Born in 1943, Benkő started taking pictures at the age of 20, quickly joining the Hungarian press agency MTI. Here Benkő started to develop his own style, beginning in 1968, reminiscent of the approaches of Henri Cartier-Bresson and Josef Koudelka. In 1975 and 1978, he was awarded the World Press Photo. In 1992, his report on the decline and closure of the Ózd metalworks received the W. Eugene Smith Memorial Fund Prize. In 1981 he won the Béla Balázs national prize, and in 1991 the Pulitzer Prize.

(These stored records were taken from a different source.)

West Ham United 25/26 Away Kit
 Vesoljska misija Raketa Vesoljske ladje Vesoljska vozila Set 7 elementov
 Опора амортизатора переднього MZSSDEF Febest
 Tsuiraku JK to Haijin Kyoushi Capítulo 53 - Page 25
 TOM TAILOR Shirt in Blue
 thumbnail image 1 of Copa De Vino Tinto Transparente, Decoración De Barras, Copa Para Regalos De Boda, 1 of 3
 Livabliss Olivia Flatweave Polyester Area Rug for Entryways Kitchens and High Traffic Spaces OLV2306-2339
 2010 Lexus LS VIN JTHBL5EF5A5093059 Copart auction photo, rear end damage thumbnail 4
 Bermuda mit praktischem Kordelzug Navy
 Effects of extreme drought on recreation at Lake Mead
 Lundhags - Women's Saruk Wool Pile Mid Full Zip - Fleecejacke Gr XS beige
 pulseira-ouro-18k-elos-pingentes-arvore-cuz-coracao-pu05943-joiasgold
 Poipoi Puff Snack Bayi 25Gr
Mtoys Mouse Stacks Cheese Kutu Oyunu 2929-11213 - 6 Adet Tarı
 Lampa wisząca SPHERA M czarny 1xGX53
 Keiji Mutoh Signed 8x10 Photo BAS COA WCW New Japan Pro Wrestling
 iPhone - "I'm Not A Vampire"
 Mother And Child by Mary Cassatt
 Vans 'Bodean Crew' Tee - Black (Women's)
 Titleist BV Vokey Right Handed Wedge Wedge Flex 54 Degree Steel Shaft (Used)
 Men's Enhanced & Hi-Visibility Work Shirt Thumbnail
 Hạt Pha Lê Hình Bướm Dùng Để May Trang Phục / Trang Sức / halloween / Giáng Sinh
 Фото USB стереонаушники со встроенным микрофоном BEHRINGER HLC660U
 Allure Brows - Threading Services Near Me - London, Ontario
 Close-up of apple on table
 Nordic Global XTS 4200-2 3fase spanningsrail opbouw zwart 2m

Among his latest photo books:
Steel Town. Ózd, 1987-1995, Foreword by Colin Jacobson, Published by Pelikán. Budapest, 1996.
Grey Lights. Budapest, 1970-1999, Foreword by Sándor Végh Alpár, Published by 9s Műhely. Budapest, 2000.
Faces. Sziget Festival Budapest, 1993-2002, Foreword by Tibor Legát, Published by Fotografus.hu Foundation. Budapest, 2003.
Blues. Budapest, 2000-2003, Foreword by Béla Albertini, Published by Városháza. Budapest, 2003.
Ways. Photographs: 1971-2002, Foreword by János Palotai, Published by Imre Benkő. Budapest, 2004.
Ikrek / Twins, 1982-2008, Foreword by Péter Baki, dr. Júlia Métneki, Published by Hungarian Museum of Photography, 2009.